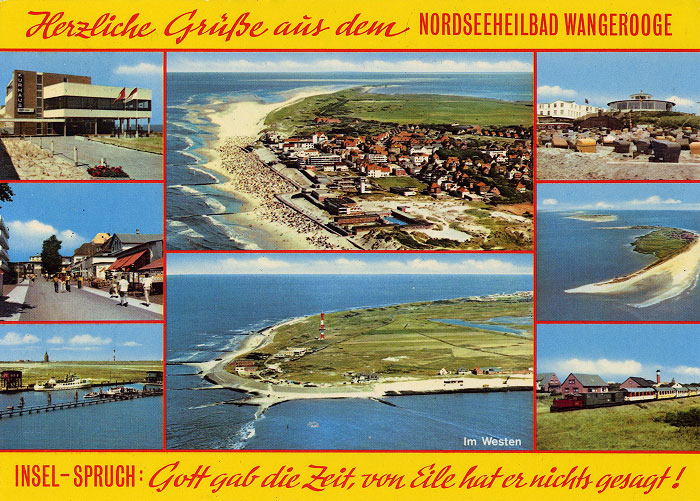 Herzliche Grüße…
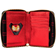 Loungefly Ironman Head Zip Around Wallet - Red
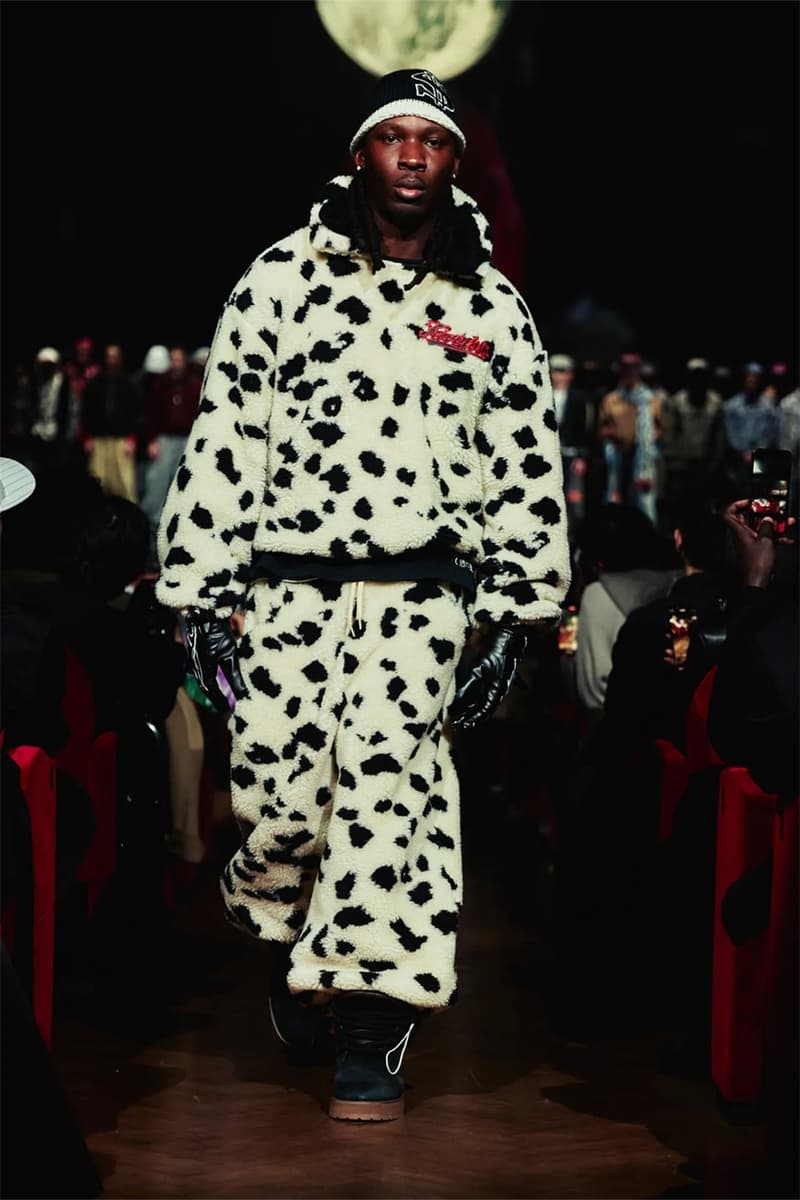 도메니코 포미체티의 PDF 2026 FW 컬렉션 공개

== == ==

■ Problem description ■
Here the lines from the one with "Loungefly Ironman Head" through the last line of the data above need to be repeated exactly, both included, and any picture omitted.

■ Task output ■
 Loungefly Ironman Head Zip Around Wallet - Red
 도메니코 포미체티의 PDF 2026 FW 컬렉션 공개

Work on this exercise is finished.